That same year, Lil B infamously cursed James Harden of the Houston Rockets for stealing his signature “cooking dance.” When the Rockets lost the finals to the Warriors in Oakland, Lil B was in attendance. The whole ordeal, which garnered Lil B an unexpected degree of mainstream notoriety, seemed freighted with symbolism, as if it was retribution not just against Harden but also against rappers who’ve jacked his style.

About his high-profile disciples, though, Lil B is pretty gracious. “This generation after the BasedGod is great,” he said. “They’re more positive.” His eagerness to support and relate to just about everyone yields beaming songs such as “No Black Person Is Ugly,” as well as awkward proclamations that he loves everyone, including Klansmen. But he’s also refreshingly willing to be wrong, to learn in public. In 2015, some insensitive tweets made it seem like he didn’t know the difference between gay and transgender; hours later, after interacting with followers, he apologized, calling himself “transphobic.”
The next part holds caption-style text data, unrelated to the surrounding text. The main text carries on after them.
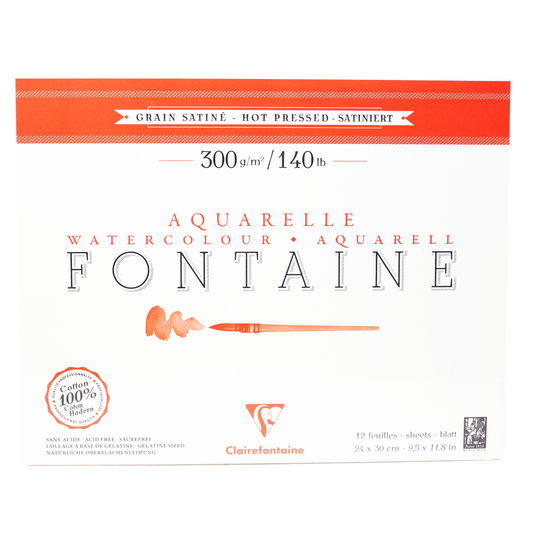 Papel Para Aquarela Fontaine 24x30cm 300g Clairefontaine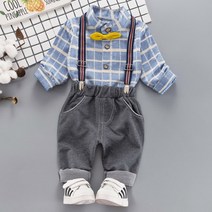 행복한초록 봄가을 블루멜빵 상하복(타이포함)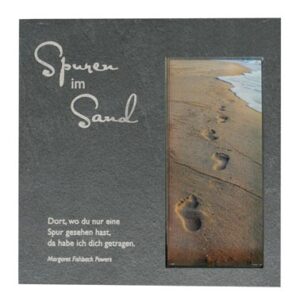 Schieferrelief: "Spuren im Sand"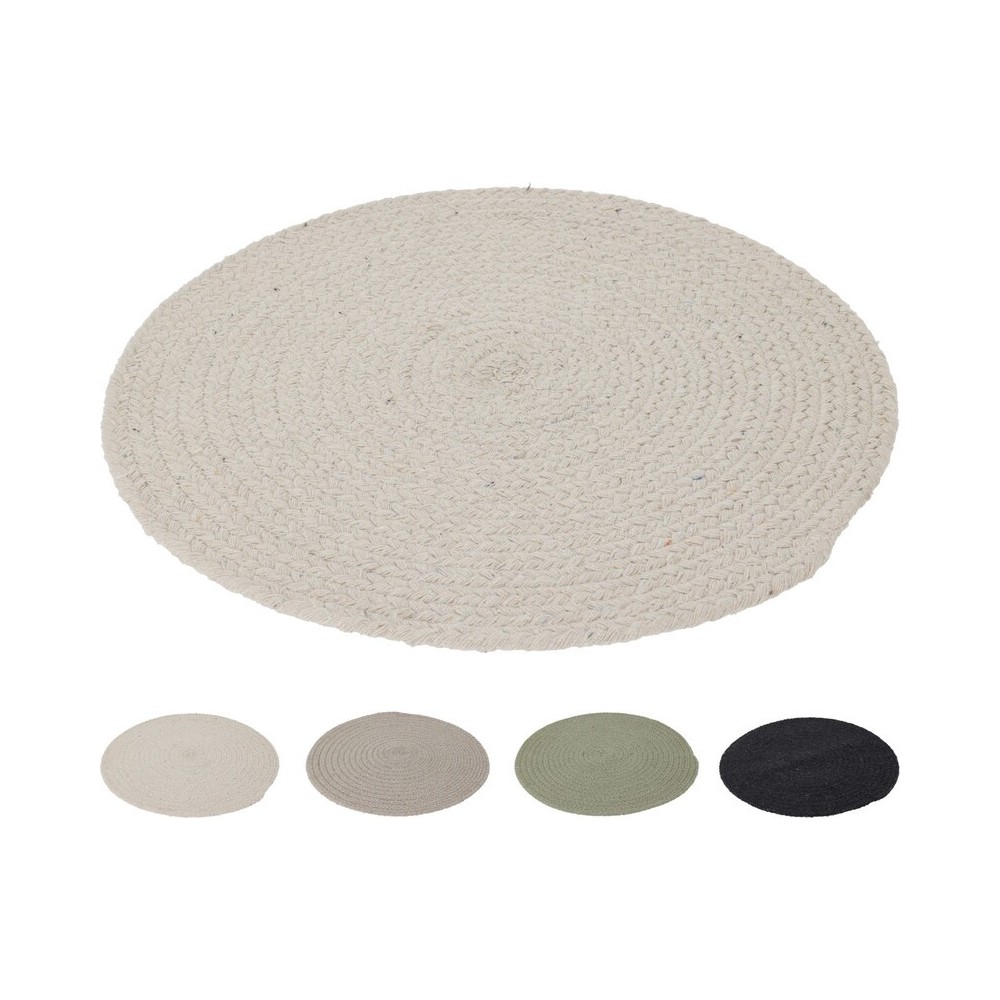SET DE TABLE ROND 38 CM EN PAILLE NOIR MARRON SET DE TABLE ROND 38 CM EN PAILLE NOIR MARRON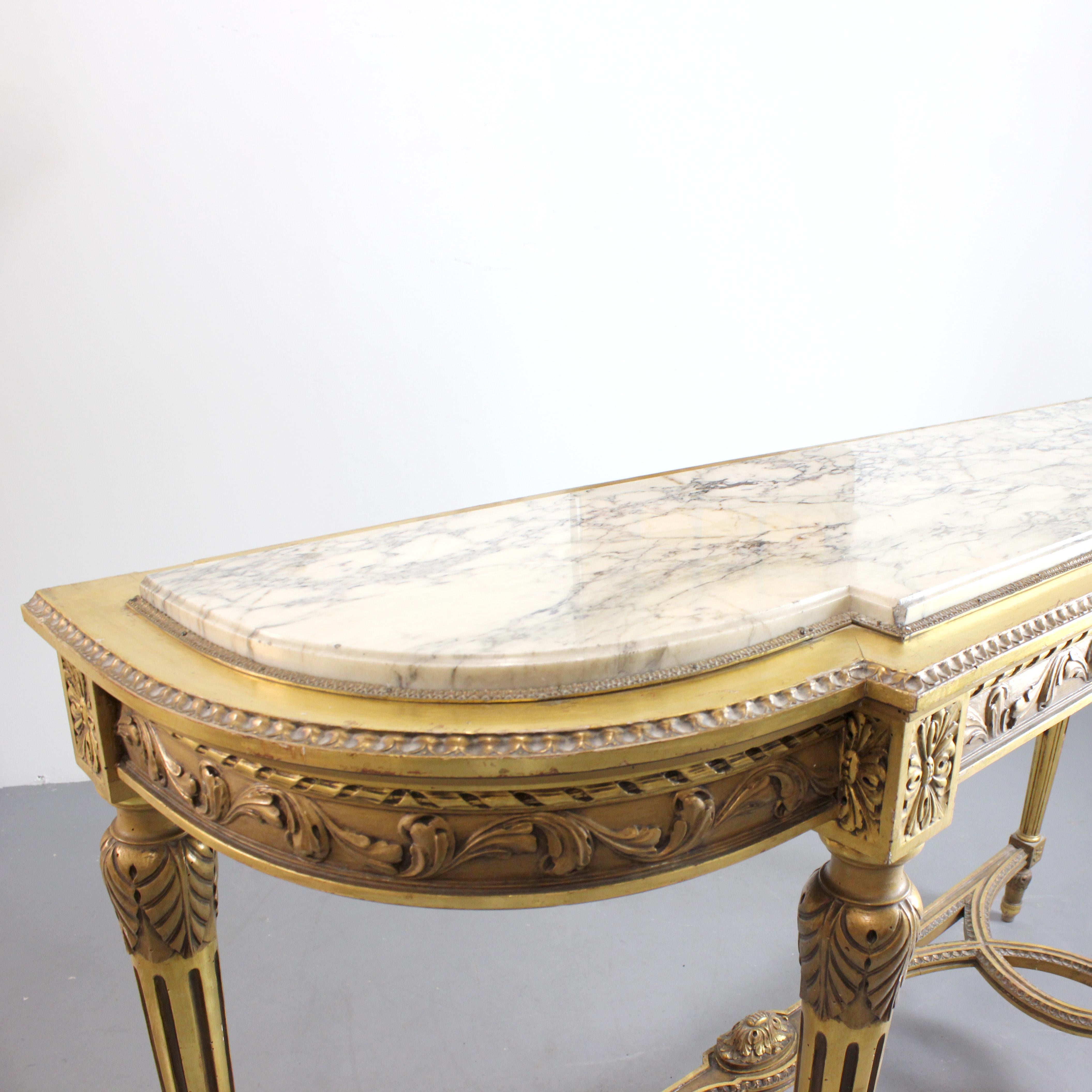 Consola de madera tallada y dorada con tapa de mármol - Siglo XIX - Luis XVI Francés en venta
I asked Lil B, who supported Bernie Sanders, if he considers his work protest music. He said he prefers “inspiration music.” Asked about his politics, he said he doesn’t know about politics; he cares about “social issues.” And then he revised that response, saying that, rather than social issues, he’s interested in “people and their experiences.” He was admiring a creek near Lake Merritt. “It’s nice to hit the streets and see the people around here,” he said, suggesting we walk toward Oakland’s historic Grand Lake Theatre.

“I do rock with architecture,” he said. He mentioned Julia Morgan and Bernard Maybeck, early 20th-century architects associated with the East Bay, bringing to mind the local references on Black Ken: Eastmont Mall and Fruitvale BART, First Fridays and the Ocean View Gardens Apartments. He never really thinks about moving away. “I haven’t really explored the Bay,” he said. “There’s cool places in, like, Fremont where I haven’t been.” I quoted a line from Black Ken: Gentrify me?/I beg your pardon. “I’m out here,” he said, mentioning his sideline gig as a landlord. “I own property. I’m not going anywhere.”